*About this task*:
The result should be all the records, exact and complete, without a single picture.

Data items:

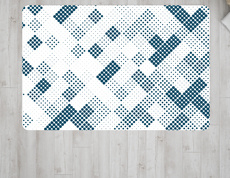 Mata ochronna pod fotel 0111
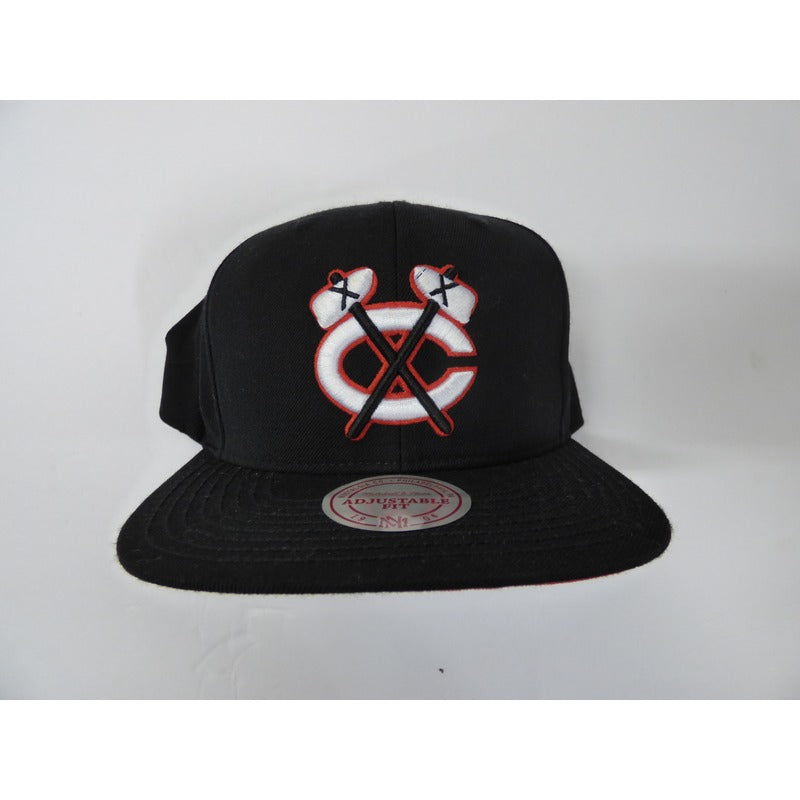 blackhawks hat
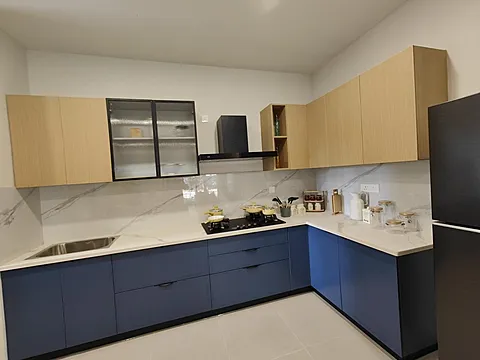 Spacious 3 BHK Apartment For Sale
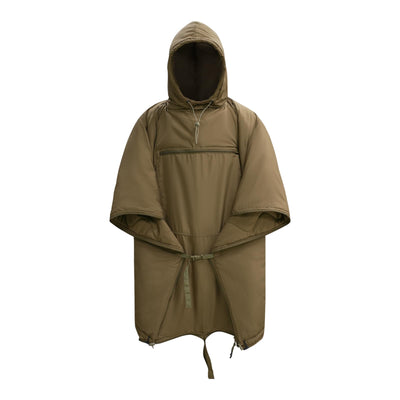 Hooded Insulated Poncho IP20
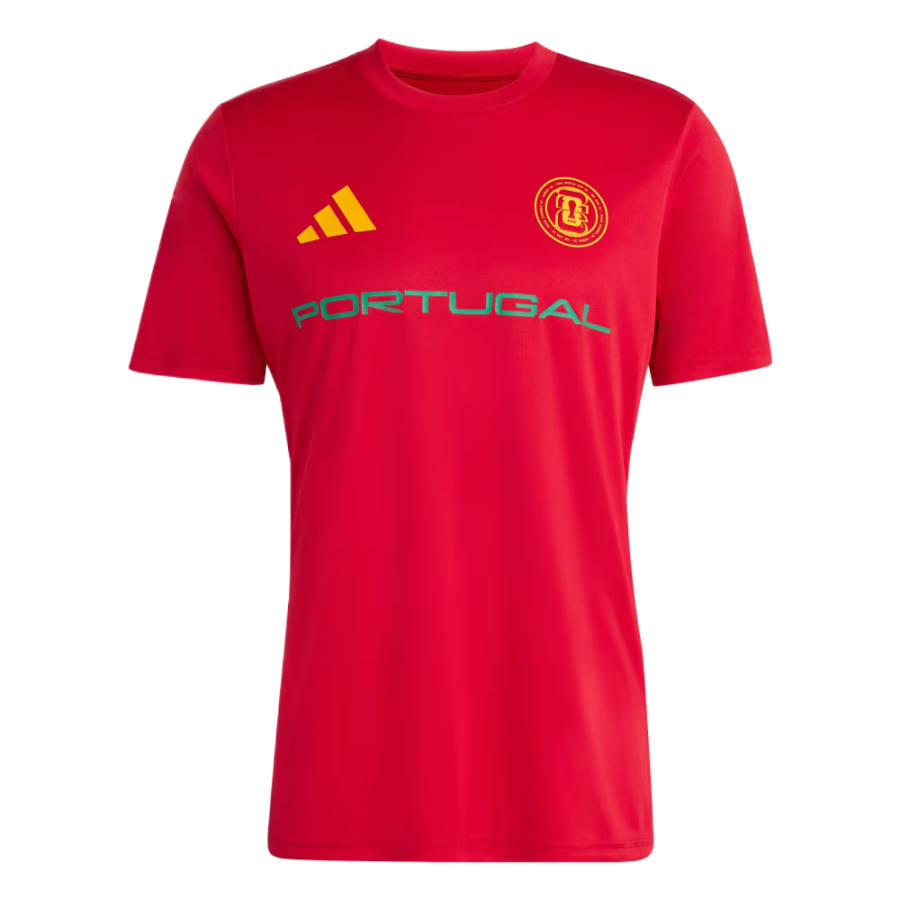 Adidas Adidas Portugal National Team Soccer Jersey Fan Edition Men's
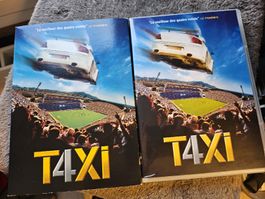 Taxi 4 - Film culte français!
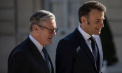 Starmer şi Macron îndeamnă la creşterea presiunii asupra lui Putin prin noi sancțiuni pentru a obţine un armistiţiu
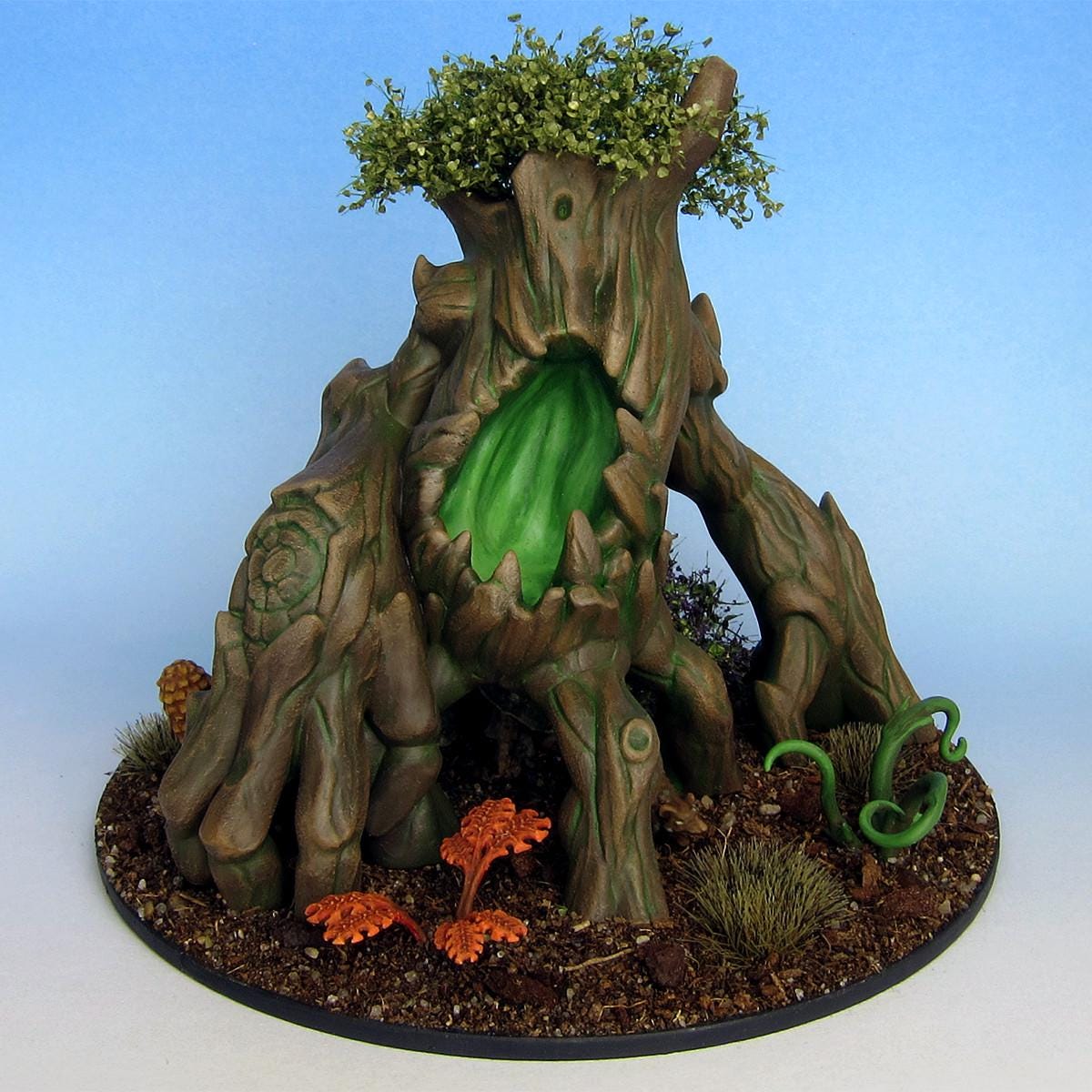 Terror Tree | Bonus | Rocket Pig Games | Miniatures for tabletop games. 28mm to 32mm Resin for RPG, D&D, Dungeons and Dragons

*Answer to the exercise*:
 Mata ochronna pod fotel 0111
 blackhawks hat
 Spacious 3 BHK Apartment For Sale
 Hooded Insulated Poncho IP20
 Adidas Adidas Portugal National Team Soccer Jersey Fan Edition Men's
 Taxi 4 - Film culte français!
 Starmer şi Macron îndeamnă la creşterea presiunii asupra lui Putin prin noi sancțiuni pentru a obţine un armistiţiu
 Terror Tree | Bonus | Rocket Pig Games | Miniatures for tabletop games. 28mm to 32mm Resin for RPG, D&D, Dungeons and Dragons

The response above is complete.